De esta manera se proporcionan los fundamentos jurídicos -y las continuas sentencias de distintos tribunales así lo avalan- que animan a las fuerzas más reaccionarias no sólo a disputar al Estado el derecho a establecer el currículo de lo que ha de constituir la enseñanza general, sino arrebatarle el propio terreno hasta negarle legitimidad para intervenir en la educación en los valores ciudadanos y de aquellos principios racionales en los que se funda. Entidades de carácter privado como las confesiones religiosas y sus más variopintas sectas, a través de la libre creación de centros con "carácter propio" y el derecho otorgado a las familias, no sólo para la libre elección de centro, sino también para exigir en cualquiera de ellos que se eduque a sus hijos según las propias creencias o convicciones, pueden así llevar a la práctica una injerencia determinante en el sistema de enseñanza, cuya financiación y garantía universal sigue siendo responsabilidad del Estado.

Más allá de la conveniencia y oportunidad de introducir la nueva asignatura de Educación para la ciudadanía y la discusión sobre sus contenidos, estamos ante la reproducción del enfrentamiento entre dos concepciones diametralmente opuestas de la educación. De una parte, la que tiene su origen en la lucha democrática por consolidar una escuela pública, bajofinanciación y responsabilidad de los poderes públicos, para garantizar el derecho universal y ciudadano a la educación, cuyos contenidos y valores pueden y deben ser constantemente redefinidos a la par del progreso científico y social.

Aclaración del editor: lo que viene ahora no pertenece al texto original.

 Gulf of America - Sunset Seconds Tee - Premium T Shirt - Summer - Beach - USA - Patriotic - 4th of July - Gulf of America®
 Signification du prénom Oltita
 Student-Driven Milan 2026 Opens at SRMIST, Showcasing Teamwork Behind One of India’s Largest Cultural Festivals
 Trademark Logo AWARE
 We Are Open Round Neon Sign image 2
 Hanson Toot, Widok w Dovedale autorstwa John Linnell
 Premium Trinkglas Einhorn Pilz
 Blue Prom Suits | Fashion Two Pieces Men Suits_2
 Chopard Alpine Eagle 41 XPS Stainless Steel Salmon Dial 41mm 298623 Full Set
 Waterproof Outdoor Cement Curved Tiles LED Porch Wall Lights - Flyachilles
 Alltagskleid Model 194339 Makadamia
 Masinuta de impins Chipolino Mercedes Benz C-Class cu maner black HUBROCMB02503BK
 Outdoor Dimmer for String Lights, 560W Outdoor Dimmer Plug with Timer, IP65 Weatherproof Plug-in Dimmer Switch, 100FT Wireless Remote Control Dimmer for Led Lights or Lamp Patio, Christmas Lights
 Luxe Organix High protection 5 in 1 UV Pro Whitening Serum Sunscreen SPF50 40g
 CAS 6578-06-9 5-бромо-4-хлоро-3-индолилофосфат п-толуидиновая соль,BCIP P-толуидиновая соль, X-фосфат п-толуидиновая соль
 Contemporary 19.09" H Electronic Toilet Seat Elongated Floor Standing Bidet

De otra, el intento de hacer prevalecer intereses privados, económicos e ideológicos, añorantes de pasados privilegios y monopolios, que siguen empeñados en socavar los sistemas públicos de enseñanza y los principios democráticos sobre los que se han construido.

Son dos perspectivas incompatibles y caminan en direcciones opuestas. Quienes dicen que pueden conciliarse y complementarse se engañan o tratan de engañarnos. La invasión y apropiación privada de lo que debe ser público y común siempre se produce en menoscabo de los derechos que a todos nos pertenecen. En el momento presente, la batalla política por deslegitimar al Estado en el terreno de la educación va de la mano de esa otra mucho más material por reducir al máximo sus competencias y trasvasar buena parte de la enseñanza a la "iniciativa social", es decir, a la de grupos de presión movidos por intereses privados. La educación como bien social constituye, todavía hoy, uno de los pilares fundamentales de la aspiración a la igualdad de derechos y base imprescindible para hacer posible un marco de convivencia en muchos otros sentidos plural. La fragmentación del sistema educativo, de acuerdo con las particulares creencias y procedencias culturales, sólo nos puede conducir a la parcelación sectaria de la sociedad y al abandono de todo proyecto común de ciudadanía.